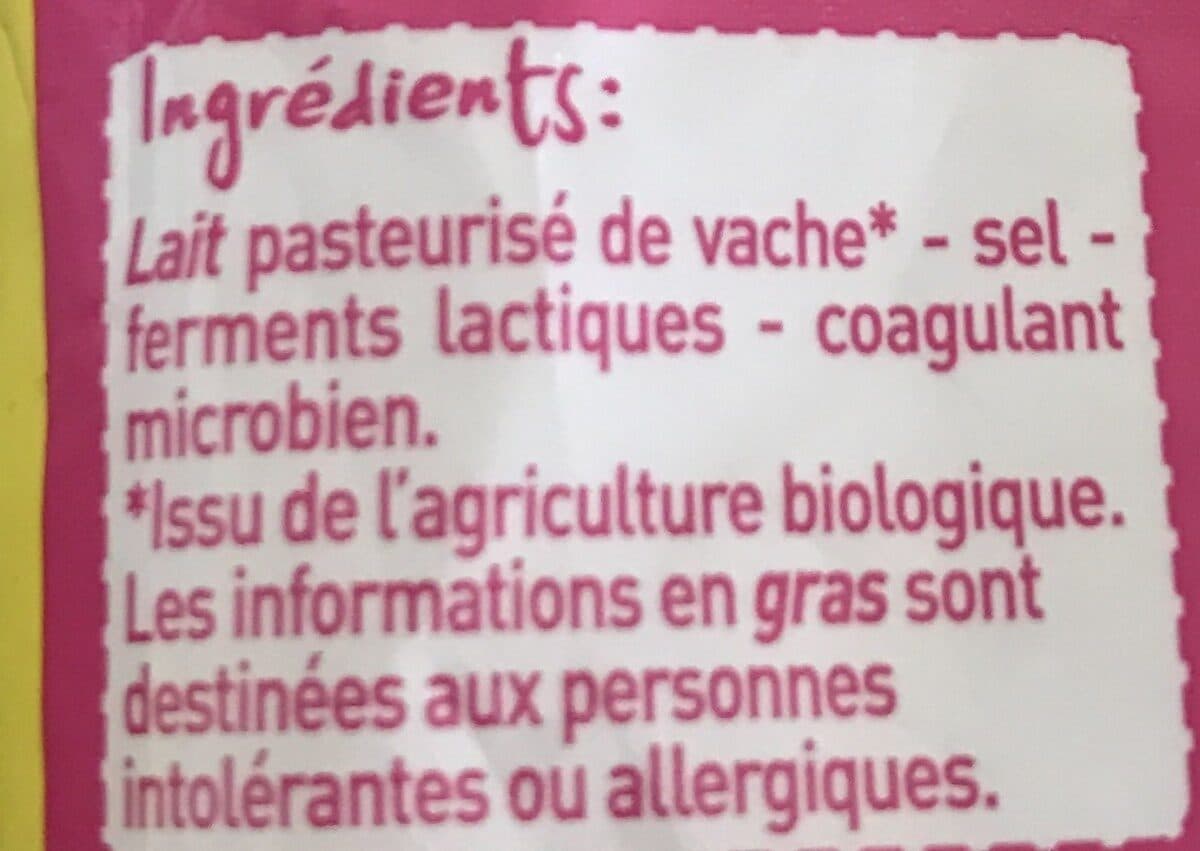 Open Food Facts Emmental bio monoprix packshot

--

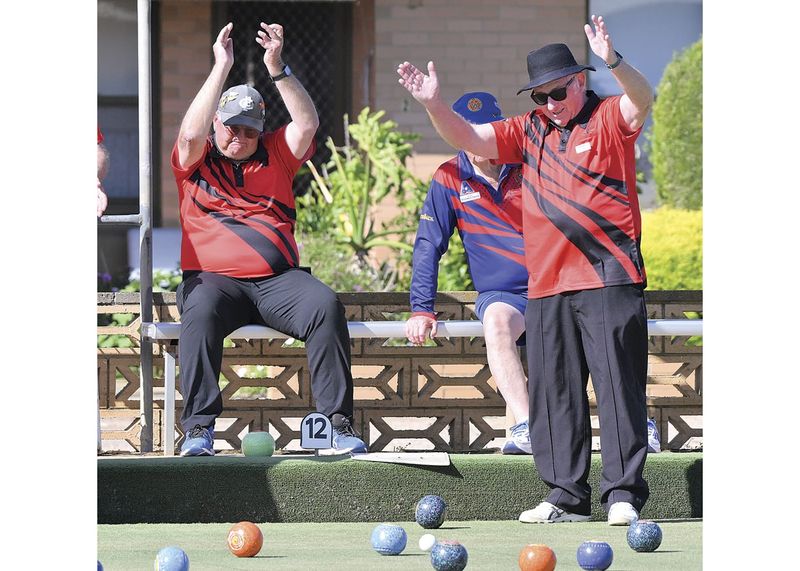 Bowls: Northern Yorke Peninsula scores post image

--

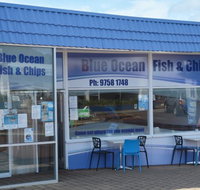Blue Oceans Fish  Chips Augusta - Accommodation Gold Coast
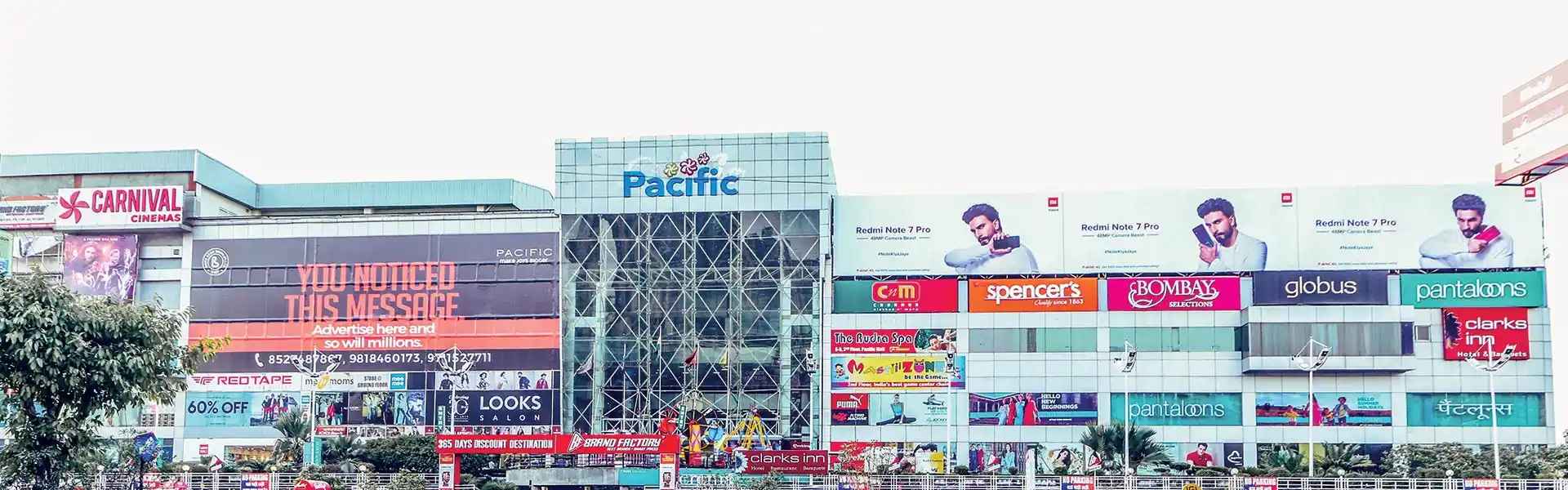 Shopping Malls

--

#### [Your assignment]
Pictures aside, return exactly the lines from the data above, starting at the line that has "Blue Oceans Fish" and ending at the line that has "Shopping Malls", both included.

#### [Task response]
Blue Oceans Fish  Chips Augusta - Accommodation Gold Coast
 Shopping Malls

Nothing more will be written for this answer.